Ask HN: How do you track time, invoice and get paid as freelancer or small team? - pyvek
I&#x27;m interested in knowing this part of the workflow other freelancers&#x2F;consultants and small team of developers&#x2F;designers use.
======
seanwilson
I use [https://www.getharvest.com/](https://www.getharvest.com/). It lets you
set up multiple clients, projects and team members, track time and expenses
for various project tasks and send out invoices. For invoices, you can track
what's been paid and it will send out automatic late reminders. It also has
native apps so you can start project timers with a few key presses. There's a
free tier that will last you until you get a few clients and the paid tier is
cheap.

I originally tracked the above manually using spreadsheets but it's so much
nicer having a simple interface to keep track of everything for a modest cost.

------
ptrikutam
I've been freelancing for over 2 years now and I use Freshbooks
([http://www.freshbooks.com/](http://www.freshbooks.com/)) for all my time
tracking / invoicing. It also can accept payments via Stripe, as well as
connect to my business credit card to automatically pull in expenses, so most
of my accounting stuff gets very easy to handle -- I barely log in to it for
any management, I just use ChronoMate
([http://chronomateapp.com/](http://chronomateapp.com/)) to track my time, and
it auto-generates weekly invoices to send to my clients. Couldn't recommend it
enough!

------
davismwfl
To track my time I use an app called Hours Tracker Pro on my iPad (it has a
Piggy bank icon) and it allows me to set a rate per client/deal and track time
across multiple projects/clients. I also had my contractors use the tool and
send me the excel file export from it as you can email the time report to
anyone. This let me get their time, take the excel files and create my
invoices in my accounting application. It did take an extra step and could
have been better, but it wasn't a huge ordeal.
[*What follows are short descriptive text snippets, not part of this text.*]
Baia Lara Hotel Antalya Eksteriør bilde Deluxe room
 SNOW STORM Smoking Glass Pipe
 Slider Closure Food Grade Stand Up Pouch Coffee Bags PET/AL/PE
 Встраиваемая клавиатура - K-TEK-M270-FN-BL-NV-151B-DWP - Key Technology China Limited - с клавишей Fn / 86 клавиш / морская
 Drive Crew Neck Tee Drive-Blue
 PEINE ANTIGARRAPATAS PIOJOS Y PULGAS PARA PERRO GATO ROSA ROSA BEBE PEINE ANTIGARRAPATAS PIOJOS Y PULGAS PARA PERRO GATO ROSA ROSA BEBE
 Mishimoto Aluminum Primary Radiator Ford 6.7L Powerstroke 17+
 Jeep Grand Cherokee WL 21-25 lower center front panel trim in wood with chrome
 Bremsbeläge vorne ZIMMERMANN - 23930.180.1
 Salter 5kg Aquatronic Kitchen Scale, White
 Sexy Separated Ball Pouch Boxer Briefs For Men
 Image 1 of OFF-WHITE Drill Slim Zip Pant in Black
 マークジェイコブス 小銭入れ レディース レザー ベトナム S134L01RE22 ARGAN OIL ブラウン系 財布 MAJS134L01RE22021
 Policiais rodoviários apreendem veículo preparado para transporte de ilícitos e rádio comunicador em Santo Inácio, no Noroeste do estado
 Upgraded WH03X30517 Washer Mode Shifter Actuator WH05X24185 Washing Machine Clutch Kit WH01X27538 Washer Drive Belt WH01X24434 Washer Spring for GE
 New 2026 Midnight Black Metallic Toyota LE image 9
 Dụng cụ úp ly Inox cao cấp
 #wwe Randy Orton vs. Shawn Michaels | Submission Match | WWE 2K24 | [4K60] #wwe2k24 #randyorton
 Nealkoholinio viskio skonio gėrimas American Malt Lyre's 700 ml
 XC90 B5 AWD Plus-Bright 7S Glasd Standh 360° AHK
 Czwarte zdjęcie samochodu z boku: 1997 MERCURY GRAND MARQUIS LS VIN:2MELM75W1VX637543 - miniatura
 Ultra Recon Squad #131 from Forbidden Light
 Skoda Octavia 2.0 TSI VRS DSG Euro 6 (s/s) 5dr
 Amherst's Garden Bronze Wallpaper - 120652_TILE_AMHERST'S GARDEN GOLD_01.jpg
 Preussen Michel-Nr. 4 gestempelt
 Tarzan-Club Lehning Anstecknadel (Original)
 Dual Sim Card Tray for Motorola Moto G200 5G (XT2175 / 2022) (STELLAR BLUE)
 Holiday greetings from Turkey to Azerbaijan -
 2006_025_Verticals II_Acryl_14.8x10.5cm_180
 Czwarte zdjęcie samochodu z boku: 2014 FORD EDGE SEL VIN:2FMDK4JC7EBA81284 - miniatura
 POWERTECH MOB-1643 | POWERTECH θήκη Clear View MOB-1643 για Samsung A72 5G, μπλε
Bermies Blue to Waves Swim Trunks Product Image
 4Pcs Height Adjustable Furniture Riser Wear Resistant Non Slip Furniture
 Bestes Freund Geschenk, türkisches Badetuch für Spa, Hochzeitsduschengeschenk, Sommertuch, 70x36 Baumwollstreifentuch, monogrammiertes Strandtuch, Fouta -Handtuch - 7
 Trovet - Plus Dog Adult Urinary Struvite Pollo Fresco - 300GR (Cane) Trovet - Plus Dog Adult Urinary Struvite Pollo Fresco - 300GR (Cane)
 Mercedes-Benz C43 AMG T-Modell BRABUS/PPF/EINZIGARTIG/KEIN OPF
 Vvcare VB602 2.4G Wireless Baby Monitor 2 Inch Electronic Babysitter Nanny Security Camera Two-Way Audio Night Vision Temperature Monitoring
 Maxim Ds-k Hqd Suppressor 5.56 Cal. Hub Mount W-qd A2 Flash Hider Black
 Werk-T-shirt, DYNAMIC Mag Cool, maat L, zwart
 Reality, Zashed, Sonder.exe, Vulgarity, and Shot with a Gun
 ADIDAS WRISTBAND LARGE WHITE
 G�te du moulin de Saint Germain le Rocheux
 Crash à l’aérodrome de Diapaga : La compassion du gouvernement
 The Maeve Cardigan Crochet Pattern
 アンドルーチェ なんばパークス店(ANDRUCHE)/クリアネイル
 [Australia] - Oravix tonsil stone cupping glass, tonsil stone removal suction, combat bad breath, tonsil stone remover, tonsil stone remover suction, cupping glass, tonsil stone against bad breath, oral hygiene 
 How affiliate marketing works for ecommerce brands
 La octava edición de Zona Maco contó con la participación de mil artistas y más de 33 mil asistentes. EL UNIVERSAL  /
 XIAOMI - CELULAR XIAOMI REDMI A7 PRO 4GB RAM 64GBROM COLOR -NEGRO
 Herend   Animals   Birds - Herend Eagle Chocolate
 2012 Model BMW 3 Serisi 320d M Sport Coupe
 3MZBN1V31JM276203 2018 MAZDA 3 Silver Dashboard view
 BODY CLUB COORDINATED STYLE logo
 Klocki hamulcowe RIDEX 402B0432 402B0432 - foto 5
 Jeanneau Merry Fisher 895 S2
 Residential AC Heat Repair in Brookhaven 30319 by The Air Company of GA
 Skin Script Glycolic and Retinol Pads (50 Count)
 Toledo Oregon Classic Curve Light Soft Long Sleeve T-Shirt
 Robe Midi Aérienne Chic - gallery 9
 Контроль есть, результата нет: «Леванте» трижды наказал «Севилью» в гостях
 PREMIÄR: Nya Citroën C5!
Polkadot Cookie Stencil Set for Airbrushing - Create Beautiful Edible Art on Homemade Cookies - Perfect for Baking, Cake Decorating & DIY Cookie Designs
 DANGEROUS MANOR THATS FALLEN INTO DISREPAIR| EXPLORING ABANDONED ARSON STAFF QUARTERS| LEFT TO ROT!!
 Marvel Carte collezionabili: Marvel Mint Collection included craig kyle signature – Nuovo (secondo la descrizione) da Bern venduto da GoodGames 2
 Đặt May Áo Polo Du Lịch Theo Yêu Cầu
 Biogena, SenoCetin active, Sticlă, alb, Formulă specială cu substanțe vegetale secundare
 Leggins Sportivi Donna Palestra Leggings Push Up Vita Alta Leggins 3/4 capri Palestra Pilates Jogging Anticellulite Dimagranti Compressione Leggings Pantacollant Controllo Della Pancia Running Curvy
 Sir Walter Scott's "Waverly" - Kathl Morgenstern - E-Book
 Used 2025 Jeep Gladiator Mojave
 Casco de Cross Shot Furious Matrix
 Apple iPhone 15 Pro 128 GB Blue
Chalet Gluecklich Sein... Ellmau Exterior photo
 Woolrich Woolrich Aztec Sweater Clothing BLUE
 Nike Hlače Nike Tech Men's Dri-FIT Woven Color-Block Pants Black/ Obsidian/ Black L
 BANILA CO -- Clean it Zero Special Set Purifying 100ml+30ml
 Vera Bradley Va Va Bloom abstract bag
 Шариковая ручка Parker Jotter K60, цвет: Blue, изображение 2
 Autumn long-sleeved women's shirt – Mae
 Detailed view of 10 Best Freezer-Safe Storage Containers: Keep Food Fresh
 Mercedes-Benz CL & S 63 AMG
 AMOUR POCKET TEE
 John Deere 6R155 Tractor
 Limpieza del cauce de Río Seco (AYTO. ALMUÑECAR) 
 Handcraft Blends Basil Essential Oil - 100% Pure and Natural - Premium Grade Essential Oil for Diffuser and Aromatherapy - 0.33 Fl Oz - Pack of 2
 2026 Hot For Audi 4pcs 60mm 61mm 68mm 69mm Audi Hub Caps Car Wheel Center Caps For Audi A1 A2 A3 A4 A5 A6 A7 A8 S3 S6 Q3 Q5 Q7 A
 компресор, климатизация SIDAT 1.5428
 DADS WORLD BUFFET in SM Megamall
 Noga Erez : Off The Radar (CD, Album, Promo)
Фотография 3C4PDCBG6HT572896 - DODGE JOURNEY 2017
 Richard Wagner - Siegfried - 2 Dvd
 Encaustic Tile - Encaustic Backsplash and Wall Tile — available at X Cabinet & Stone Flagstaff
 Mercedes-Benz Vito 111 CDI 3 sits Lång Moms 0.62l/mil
Then for invoicing and getting paid, I used Wave Accounting (but honestly was
moving away from it). At least for now, I use Quickbooks for everything Wave
used to do for me. Wave has come out with some new features to solve some of
the issues I had and to make time tracking etc easier.

------
avargas
I tried so many different tools, mostly trying to avoid paying for a service,
but honestly, there's nothing as good and as simple as getharvest.com. Simple
time tracking, simple invoice generation and my clients can pay via a credit
card (Stripe integration) right away. It's worth it.

------
wingerlang
Try wakatime.com for automatic time tracking.